Amber: Some cause for concern: one or two milestones missed and indications are that this will recur. Issues may exist, but corrective action identified and being taken.
Red: Major cause for concern: several milestones missed or about to be missed endangering programme objectives. Further milestones will be missed unless proactive steps taken and sustained action supported by the programme or programme-critical issues exist with no clear course of corrective action identified.
Alex Pumfrey returned to the reasons why the Copeland Help Scheme was originally placed on red status on 13 August: (i) the need for reassurance that there was sufficient delivery and installer capacity to meet demand, which Peter White had confirmed there was; (ii) the need for a forward plan of activity, which has been shared; and (iii) assurance from DSHS that people have been given sufficient time to respond. Peter White noted that among the groups eligible for free help, 43 per cent. had responded, which indicated that people had had sufficient time to respond if they wished, and that low response was more likely to be attributable to the deterrent effect of the £40 charge or take-up of satellite. On this basis the group agreed to move the Copeland Help Scheme from red to amber status.
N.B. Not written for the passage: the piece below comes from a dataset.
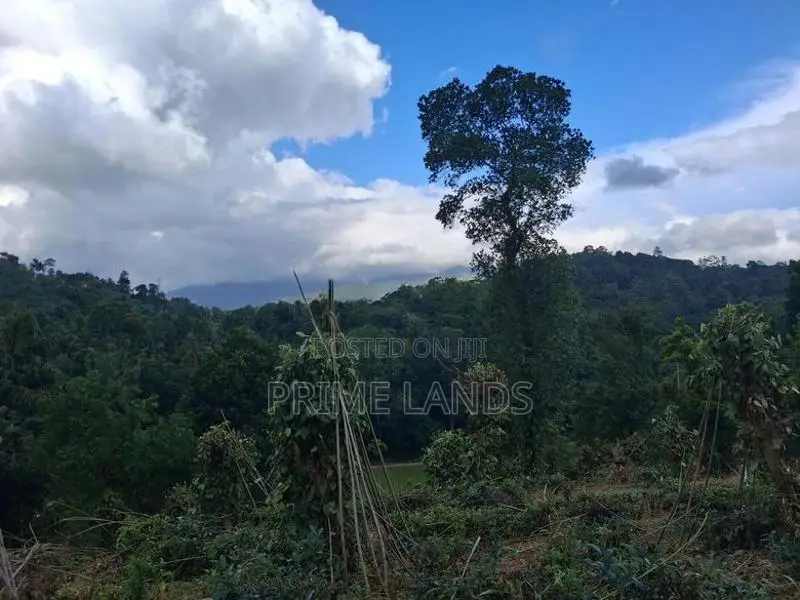 Residential Land for Sale in Kandy Pilimatalawa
To ask the Secretary of State for Culture, Media and Sport if he will place in the Library copies of the letters he has received since 1 September
2007 on (a) gaming machine stake and prize levels and (b) the number of gaming machines in use. 
Mr. Sutcliffe: Since 1 September the Department has received more than 140 letters from hon. Members, writing on behalf of constituents, concerning gaming machine stakes and prizes and gaming machine numbers.
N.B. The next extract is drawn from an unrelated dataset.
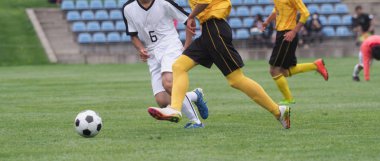 Japonya 'da futbol maçı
Mr. Sutcliffe: There are no immediate plans to review the size or focus of the Gambling Commission. The Gambling Commission is the new regulator for the gambling industry and became fully operational from 1 September 2007. The Commission is still in its first operational cycle and has developed strategic objectives for the first three years to deliver its statutory objectives as set out in the Gambling Act 2005. The Commission's initial Corporate Plan will be reviewed after 18 months in light of its first year's experience as the regulator. In particular the review will consider the developing methods for assessing the level of risk within the gambling industry and the resource effectiveness of the Gambling Commission's approach (including an annual review of licence fees).
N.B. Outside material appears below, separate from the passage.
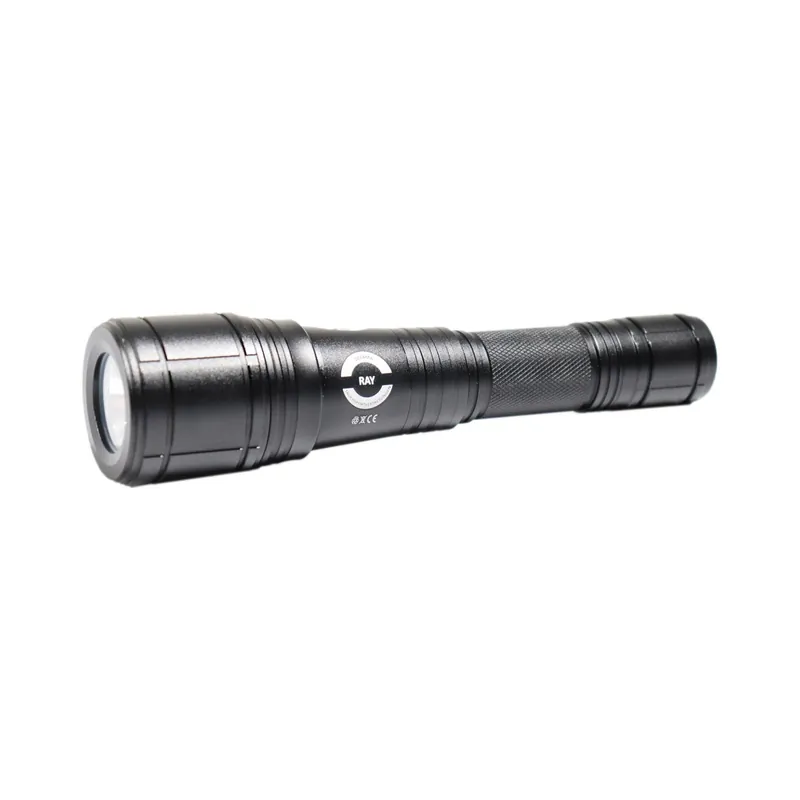 Expressversand Dive Lamp Ray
Mr. Anthony Wright: To ask the Secretary of State for Culture, Media and Sport what representations he has received from (a) the Gambling Commission, (b) the Responsibility in Gambling Trust, (c) Gamcare and (d) trade associations on the likely effects on problem gambling of the introduction of the Gambling Act 2005 on 1 September 2007. 
Mr. Sutcliffe: The implementation of the Gambling Act 2005 which came into force on 1 September 2007 has been the subject of extensive consultation with key stakeholders from industry and those with an interest in problem gambling.
Ministers and officials also continue to hold meetings with stakeholders including those listed in the question and which have included representations on a range of issues, including problem gambling.
The Gambling Commission has also recently launched a first consultation paper on the Review of Research, Education and Treatment for problem gambling and has invited views from a broad range of stakeholders.